Когда пересуды о гибели Тиграныча все тянулись, мне было сказано: «К тебе вопросов нет». Сказал это главный редактор журнала «Коневодство и конный спорт», где я начал сотрудничать. То же самое редактор повторил, когда низложили Долматова. Имел редактор сведения верные: близкого к чекистам Бабеля сопровождал на бега… Редактор дал мне понять: был я неопасен тем, кто убрал и Тиграныча, и Долматова. Кто? Тиграныч в предсмертном письме их перечислил поименно, требуя, чтобы они не приходили на его похороны. Долматов не успел таких инструкций оставить, скончался скоропостижно, но я знал не пришедших на его похороны ближайших сотрудников.
С гибелью Тиграныча записка, выданная им, оказалась окружена ореолом нетленности. После ухода Грошева на пенсию, его конюшню, где я продолжал числиться, принял Саввич, наездник Петр Саввич Гриценко, он аттестовал меня так: «Ему ещё при покойнику было разрешено за вожжи держаться день и ночь». А бывалые игроки удивлялись, почему же я ещё не озолотел. Саввич «мертвые петли» умел вить, через доверенных лиц делал ставки на себя самого и выигрывал, но никто из посторонних не знал, когда выиграет. А я? Саввич знал, на каких условиях «покойник» разрешил мне держаться за вожжи, и за все годы не услышал я от мастера ни слова об игре. И когда я попал в малину, где обсуждались секреты, один из тотошников обеспокоился: «Что же это мы при нем? Начальству донесет!» – «Не играет» – успокоили человека.

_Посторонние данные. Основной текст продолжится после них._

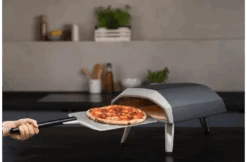 Ooni Pizzaschep Geperforeerd - Perforated Pizza Peel 14 Inch -BBQ Verkoopwinkel ooni pizzaschep geperforeerd perforated pizza peel 1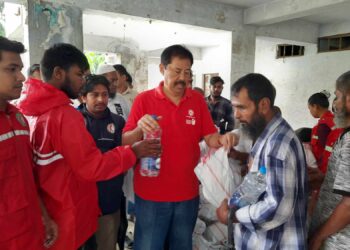 বান্দরবানে বন্যা দুর্গতদের পাশে পার্বত্য চট্টগ্রাম বিষয়ক মন্ত্রী বীর বাহাদুর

Когда же Мишка-Яковлев от имени своего друга, Твардовского, обратился ко мне с просьбой, я тотчас пошел к завхозу, при котором застрелился Калантар. Свидетель гибели директора, единственный из непосредственного окружения преданный друг, Борис Васильевич Чернецов, рассказывал: они хорошо сидели и отдыхали в том директорском кабинете, где дня за два до того переводил я статью из «Голоса гончих». Немного им не хватило. Чернецов посылает. Тут его вызвали к телефону в его кабинет, на том же этаже. «Навоза, мать их, просили!» – так просила у Чернецова вся Москва, если требовалось удобрять участок. Начался и затянулся разговор по мере выработки делового соглашения. Вдруг дверь настежь – на пороге Тиграныч: «Где же твои сатрапы?» – «А я, – рассказывал Чернецов, – ему в ответ рукой махнул. Дай договорить!» Хлопнула дверь. И вскоре грохнул выстрел. Из ружья. Прежде чем хлопнуть дверью, Калантар, говорят, крикнул: «Я пошел к Мишталю!» Мог это услышать единственный свидетель? Борис Васильевич был глуховат и к тому же занят разговором. Думаю, контаминация ипподромных сказаний.